Case Summary

In an effort to curb gerrymandering, Arizona voters approved an initiative petition in 2000 amending the state's constitution to transfer redistricting authority from the state legislature to the Arizona Independent Redistricting Commission (AIRC). After the AIRC adopted new congressional and legislative maps following the 2010 census, the Arizona legislature filed a federal lawsuit alleging that the Commission and its maps violated Art. I, Sec. 4 of the U.S. Constitution (the "Elections Clause."). The Elections Clause provides that the "times, places and manner" of holding congressional elections shall be "prescribed in each State by the Legislature thereof; but the Congress may at any time by Law make or alter such Regulations," and the Arizona Legislature argued that the phrase "by the Legislature thereof" precluded the transfer of redistricting authority to an independent commission created by ballot initiative.

In 2015, the U.S. Supreme Court ruled in favor of the AIRC, finding that the Elections Clause permitted the citizens of a state to transfer their redistricting authority to an independent commission. The Court began by reiterating its holding from Ohio ex rel. Davis v. Hildebrant that, under both the Elections Clause and federal apportionment statutes, redistricting is a legislative function to be carried out via the state's legislative powers, and then clarified that this would include the initiative process when the state otherwise provides for it.

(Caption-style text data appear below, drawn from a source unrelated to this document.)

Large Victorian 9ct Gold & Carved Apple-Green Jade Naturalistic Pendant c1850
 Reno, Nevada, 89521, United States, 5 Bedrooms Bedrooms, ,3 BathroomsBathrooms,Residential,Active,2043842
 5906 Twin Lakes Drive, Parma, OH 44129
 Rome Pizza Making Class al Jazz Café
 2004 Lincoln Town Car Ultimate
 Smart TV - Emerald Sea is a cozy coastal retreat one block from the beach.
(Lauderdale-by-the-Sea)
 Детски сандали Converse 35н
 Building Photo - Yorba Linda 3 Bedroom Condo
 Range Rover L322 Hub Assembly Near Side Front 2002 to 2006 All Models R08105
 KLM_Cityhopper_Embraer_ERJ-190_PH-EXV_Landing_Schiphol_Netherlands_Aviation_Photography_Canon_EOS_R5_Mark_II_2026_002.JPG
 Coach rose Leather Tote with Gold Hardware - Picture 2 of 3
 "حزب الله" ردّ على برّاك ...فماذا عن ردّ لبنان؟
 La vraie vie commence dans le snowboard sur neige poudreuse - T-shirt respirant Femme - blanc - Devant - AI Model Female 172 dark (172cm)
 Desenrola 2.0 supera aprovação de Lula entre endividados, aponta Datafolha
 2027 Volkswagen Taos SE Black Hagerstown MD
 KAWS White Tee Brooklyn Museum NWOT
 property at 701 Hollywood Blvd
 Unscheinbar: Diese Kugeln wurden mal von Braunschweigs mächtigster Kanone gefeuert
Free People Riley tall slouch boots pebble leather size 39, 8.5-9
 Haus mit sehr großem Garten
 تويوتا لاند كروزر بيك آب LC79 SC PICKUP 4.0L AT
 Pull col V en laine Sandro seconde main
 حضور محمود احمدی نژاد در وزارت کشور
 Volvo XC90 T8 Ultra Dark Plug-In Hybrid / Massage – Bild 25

Turning next to the history and purpose of the Elections Clause, the Court explained that it was primarily intended to authorize Congress to override state election rules, not to restrict the way states enact legislation. Furthermore, while the Framers may not have imagined the modern initiative process as equal with the state legislature's authority, the U.S. Constitution as a whole is based upon the principle that the people themselves are the source of governmental power, and it would be "perverse" to interpret "Legislature" in that Clause to exclude lawmaking by the people, particularly when that law is intended to further the directive that congressional representatives be chosen "by the People of the several states."

Significance: The U.S. Constitution's Elections Clause does not prohibit the use of citizen-initiated legislative powers to transfer a state's redistricting authority from the state's legislature to an independent redistricting commission.

Case Library

U.S. District Court for the District of Arizona, Phoenix Division - 2:12-cv-01211

U.S. Supreme Court - No. 13-1314 [576 U.S. 787 (2015)]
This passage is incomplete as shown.